PROVIDED RECORDS:

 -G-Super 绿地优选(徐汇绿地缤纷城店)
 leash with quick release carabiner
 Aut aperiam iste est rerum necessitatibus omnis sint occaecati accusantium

==

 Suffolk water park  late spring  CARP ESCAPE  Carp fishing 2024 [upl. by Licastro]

EXERCISE OBJECTIVE: Copy, exactly and only, the lines above that begin with the one containing "-G-Super 绿地优选(徐汇绿地缤纷城店)" and finish with the one containing "Aut aperiam iste".

OUTPUT OF THE EXERCISE:
 -G-Super 绿地优选(徐汇绿地缤纷城店)
 leash with quick release carabiner
 Aut aperiam iste est rerum necessitatibus omnis sint occaecati accusantium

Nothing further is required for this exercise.